Q. I am about to receive a $100,000 bonus for work I did several years ago. I need help deciding what to do with the money. I am 31 years old, single, female and a lawyer. My salary is $70,000. I usually get about a $12,000 bonus. I have a private student loan in the amount of $76,000 with a variable rate currently at 4.2 percent. I also have a $10,500 variable rate private loan currently at 6.7 percent. My federal student loan for $58,000 is fixed at 5.25 percent. I pay around $1,000 a month on the student loans and $1,450 a month for my mortgage and HOA fees. I have no car payment and no credit card debt. I have $3,000 in a Roth IRA, which is my only retirement. I also have about $4,000 in savings.

What should I do?

I’m tempted to pay off a lot of the variable rate student loans even though they are at such low interest rates— just to make them go away. I’ve heard that if a debt costs less than 6 percent interest, you should invest the money and just pay the minimum on the debt. Does that logic apply to variable rate loans if the rate goes up?

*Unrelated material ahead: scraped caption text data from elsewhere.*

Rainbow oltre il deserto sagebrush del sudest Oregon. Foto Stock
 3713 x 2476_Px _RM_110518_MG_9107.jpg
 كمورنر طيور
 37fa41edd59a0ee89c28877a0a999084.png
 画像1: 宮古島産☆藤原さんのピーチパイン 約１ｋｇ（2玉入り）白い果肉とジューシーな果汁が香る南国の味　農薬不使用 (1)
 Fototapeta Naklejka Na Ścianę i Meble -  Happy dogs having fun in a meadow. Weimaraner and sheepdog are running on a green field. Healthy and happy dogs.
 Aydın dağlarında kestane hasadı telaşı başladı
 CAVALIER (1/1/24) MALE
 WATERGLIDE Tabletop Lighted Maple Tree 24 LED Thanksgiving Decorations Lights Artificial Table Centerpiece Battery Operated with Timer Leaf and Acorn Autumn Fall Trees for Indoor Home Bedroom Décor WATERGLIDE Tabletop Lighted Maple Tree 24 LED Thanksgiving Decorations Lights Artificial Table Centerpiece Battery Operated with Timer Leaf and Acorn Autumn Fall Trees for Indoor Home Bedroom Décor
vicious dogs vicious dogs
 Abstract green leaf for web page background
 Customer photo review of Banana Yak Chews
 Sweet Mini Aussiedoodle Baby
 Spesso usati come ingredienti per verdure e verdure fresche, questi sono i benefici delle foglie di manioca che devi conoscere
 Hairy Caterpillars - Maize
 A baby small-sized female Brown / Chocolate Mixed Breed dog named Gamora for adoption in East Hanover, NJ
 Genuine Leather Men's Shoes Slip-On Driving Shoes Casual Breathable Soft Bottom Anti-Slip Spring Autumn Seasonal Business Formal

I want to max out my Roth IRA for 2009 (assuming my bonus comes in before April) and 2010. And I want to put some money in savings - I was thinking $12,000, but not sure. And should I put it in CDs so I can access it when/if I need it? I work for my stepfather, so I don’t foresee being laid off. That’s also why I don't plan on having a super big rainy day fund - I would rather pay off the loans that are hanging over my head. —L.D., by email

A. That $144,500 is a lot of student debt. It will limit your personal choices as long as you carry it. While the temptation may be to let inflation whittle it away, the prospect of paying $1,000 a month for another 20 years is pretty grim.

Worse, the principal must be repaid with after-tax dollars. So it could cost more if you delay. Since you pay the 15.3 percent employment tax and also pay income taxes at 25 percent, you need to earn about $1.67 to pay off a dollar of debt. Worse, since your income appears to disqualify you from taking the interest as a deduction, you have to earn $1.67 to pay back a dollar of interest as well.

That’s not debt you want to carry.

You can cut the repayment period to about 15 years by adding about $150 a month. It will take a bit over $500 a month of extra payment to bring the payback down to 10 years. Using that bonus cash, of course, will give you a big start.

Begin with the high-rate, 6.7 percent variable note. Pay that off first. Then pay as much as you can on your $76,000 variable note at 4.2 percent. That will reduce your vulnerability to rising interest rates in the future.

Q. I have the opportunity to convert my IRAs to Roth IRAs this year. I will have to start withdrawing funds in 2011 when I turn 70 1/2. I have the cash to convert some, but not all. The Roth IRAs do not require yearly withdrawals. It seems I should do the conversion and take the hit now, and thus have fewer requirements for withdrawals in the future. I would not convert so much as to make me "cash poor." —K.B., by email

A. For many people there is no advantage for converting. Basically, they can pay taxes now, or pay taxes later. It won’t make a big difference to their standard of living either way.

If converting will allow you to have virtually all of your financial assets in a Roth and not have much in a conventional IRA, you may be able to escape the possible taxation of Social Security benefits.

Why? Because Roth withdrawals are not counted in the income computation that makes Social Security benefits taxable. This is a complicated calculation, so I’d suggest visiting with a good tax accountant.